Aus verschiedenen Perspektiven beleuchteten die Gesprächspartner das Thema Erinnerungskultur, waren sich in den meisten Punkten jedoch durchaus einig: In ihren Einrichtungen ist die Erklärung „Nie wieder!“ mehr als bloßes Lippenbekenntnis und nicht nur leere Formel und Ritual - also sicherlich kein Theater. Die Erinnerung an die nationalsozialistischen Verbrechen und ihre Opfer sei nicht nur Rückschau, sondern wirke in Gegenwart und Zukunft hinein. Denn eine Gesellschaft, die sich aktiv erinnere und ihre Geschichte nicht leugne oder verschweige, könne Bedrohungen der Demokratie am besten begegnen. Reflexion anzuregen und Orientierung zu bieten, sei wichtige Aufgabe der Erinnerungskultur. Einig waren sich die Podiumsgäste auch darin, das Erinnern nicht einfach gegeben sei sondern bewusste und stetige Arbeit bedeute. Zur Sprache kamen in diesem Zusammenhang auch neuere Erscheinungsformen von Antisemitismus, auch solche, die versteckt als Kritik an der Corona-Krise zum Vorschein kamen und Hand in Hand mit anderen Verschwörungstheorien gingen. Häufigste Frage aus dem Publikum: Wie mit fragwürdigen Meinungen im engsten Kreise umgehen? „Fragen stellen, immer wieder Fragen stellen“ rieten die Experten, um Vorurteile zu dekonstruieren und die Gründe hinter dem Glauben an Verschwörungstheorien offenlegen zu können.

 

 

 

 

 

 

 

 

Links: Abendstunden über dem Gelände des Lott-Festivals mit Blick auf die Hauptbühne. Rechts: Direkt hinter der Hauptbühne am Eingang zum Festivalgelände wurde die Ausstellung "Jüdisches Leben im Hunsrück" gezeigt.

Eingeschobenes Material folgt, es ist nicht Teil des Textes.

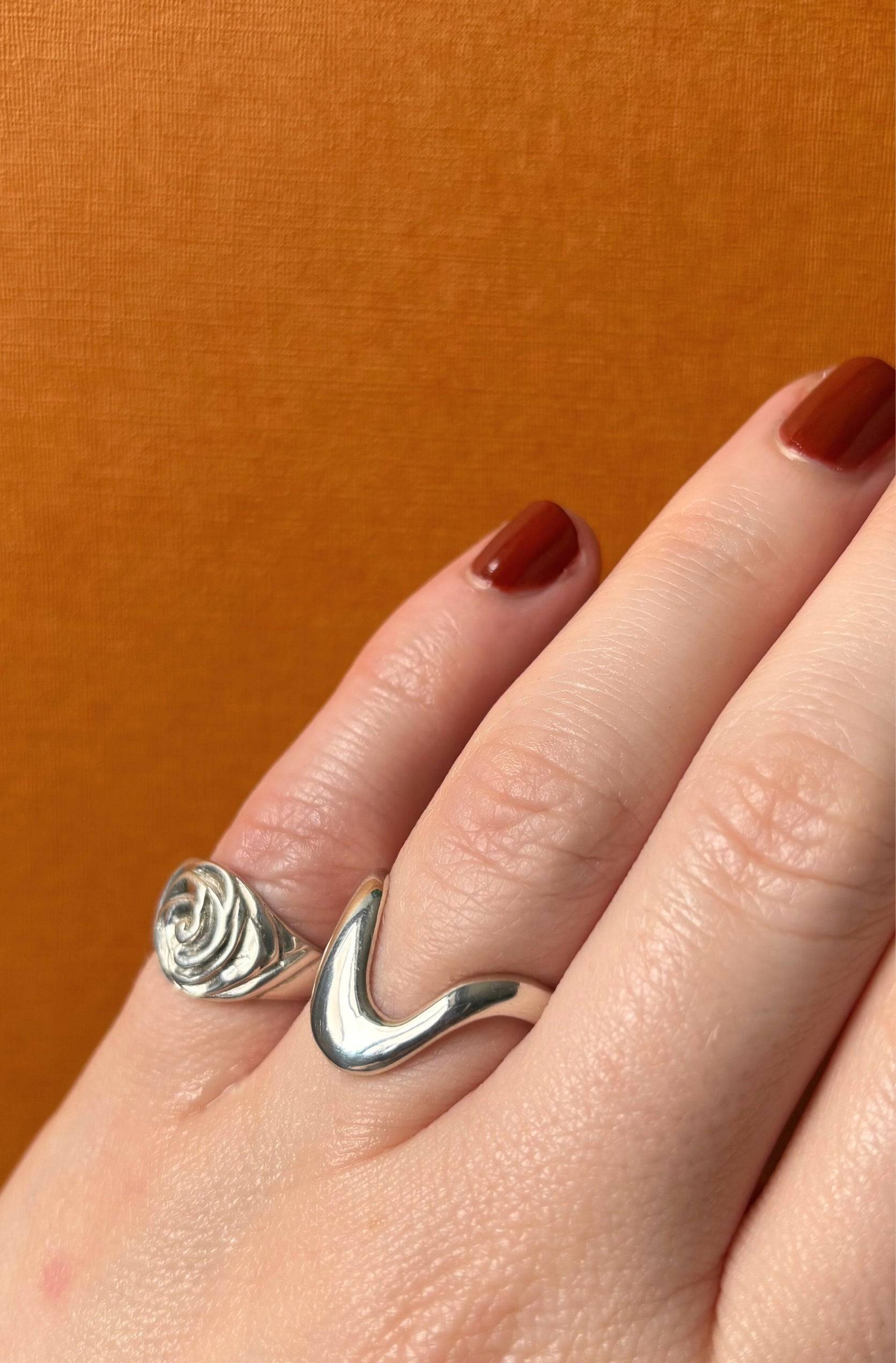 Deep Current - Wave Stacking Ring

So vergingen zwei Stunden angeregten Austauschs, während derer die heiteren Festivalbesucher in leichter Atmosphäre auch den ernsten Tönen dieses Nachmittags lauschten. Ergänzt wurde die Podiumsdiskussion durch die Plakatausstellung „Gemeinsam gegen Antisemitismus“, ein Gemeinschaftsprojekt von „Für ein buntes Trier“, der Initiative Interdisziplinäre Antisemitismusforschung der Uni Trier (IIA) und der jüdischen Studierenden Union, die für Phänomene und Erscheinungsformen des modernen Antisemitismus sensibilisiert. Gezeigt wurde außerdem die Ausstellung „Jüdisches Leben im Hunsrück“, die im vergangenen Jahr gemeinsam vom Förderkreis Synagoge Laufersweiler und der Initaitve für Freizeit und Musikkultur (IFM) für das Festival „Auf Anfang“ gestaltet wurde. Nach einem aufregenden Jahr auf Reisen durch den Hunsrück und das Nahetal hatte diese auf der Lott nun ihren letzten Stopp. Hier zog diese noch einmal alle Blicke der etwa 6000 Besucher auf sich, denn den prominenten Ausstellungsbereich direkt am Eingang zum Festivalgelände konnte niemand umgehen.